Edited by Reason's Leonard C. Gilroy, the report is divided into 11 sections, from a federal update, to 'Growth and Land Use.' The section of the report on 'Growth and Land Use' is 16 pages, and includes the following topics:

  • Eminent Domain Update
  • Protecting Landowners From Regulatory Takings
  • Do School Impact Fees Make Sense?
  • Denver Launches Permit Reform Effort
  • Privatizing the Inner City? Urban Homestead Zones Can Help Revitalize City Centers

"The protection of private property rights continues to be a hot button issue a year after the U.S. Supreme Court’s 2005 decision in Kelo vs. City of New London. This APR features an update on eminent domain reform in the states, as well as state-level efforts to replicate Oregon's Measure 37, a voter-passed initiative designed to protect property owners from regulatory takings via land use regulation."

An excerpt from the section of the report on Denver Launches Permit Reform Effort:

Bureaucracy is driving up the costs of development in Denver, according to the city's multi-agency Development Council. The Council, established by Mayor John Hickenlooper to revamp the city’s slow and burdensome development review and permitting process, released a report in July 2005 that found that delays in the process increase the cost of development in Denver by approximately 3 to 5 percent. The Council likens these delays to a tax that drives developers to Aurora, Lakewood, Douglas County, and other jurisdictions that compete with Denver for development investment.

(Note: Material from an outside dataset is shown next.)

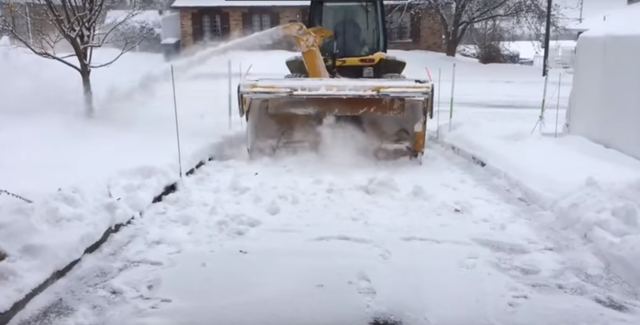 Как в Канаде чистят снег легко и быстро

With over $1.4 billion worth of permits issued in 2004, the Council estimates that Denver's 'bureaucracy tax' totaled roughly $40 to $60 million of added costs for developers in that year alone. And this is no small concern. Regulatory delays and uncertainty increase the costs of development in communities nationwide, which in turn places upward pressure on housing prices, reduces housing production, and limits the market's ability to provide affordable housing.

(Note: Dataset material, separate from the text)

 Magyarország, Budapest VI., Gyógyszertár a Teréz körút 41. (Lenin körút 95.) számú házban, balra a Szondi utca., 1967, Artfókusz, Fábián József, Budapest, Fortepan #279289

To address this issue, the Council's report outlines a series of reforms intended to streamline the development review process and create a more certain regulatory climate for developers to operate within. For example, the Council found that there are currently no city-wide performance goals or standards for how long development review should take. Not only would such standards be created in the reform effort, but the Council also recommended creating a citywide project tracking system and project management database that would allow city staff, elected officials, developers, and other stakeholders to see exactly where a project stands under the new development review scheme."

From the introduction by Margaret Thatcher:

"All too often the state is tempted into activities to which it is either ill-suited or which are beyond its capabilities.

Perhaps the greatest of these temptations is government's desire to concentrate economic power in its own hands. It begins to believe that it knows how to manage business. But let me tell you, it doesn-t -- as we discovered in Britain in the 1970s when nationalisation and prices and incomes policy together deprived management of the ability to manage. And when we came to privatise and deregulate in the 1980s it took
some time before these skills returned."

Thanks to Reason Alert

Full Story: Annual Privatization Report 2006



Would Reason Please Explain the Following?

The Growth and Land Use chapter's part B, on Measure 37 and sons/daughters-of-Measure-37, includes a "Debunking Prevalent Measure 37 Myths" section. The given debunkings amount to little more than "it's not true!," but, more importantly, how is it not true! that Measure 37 prevents "regulat[ing] public health and safety," yet "waiving regulations rather than compensating successful claimants" does not "decimate land use regulation"? This is what is asserted on page 203, or 5 of the PDF.

And, back to a familiar polarizing issue, are publicly-funded private-school vouchers not actually money that public schools need? If they come from tax-increment financing, shouldn't public tax receipts fund public facilities such as public schools? And are we certain that private schools are so much better than public counterparts as to warrant public funding for private institutions? (See page 214, or page 16 of the PDF.)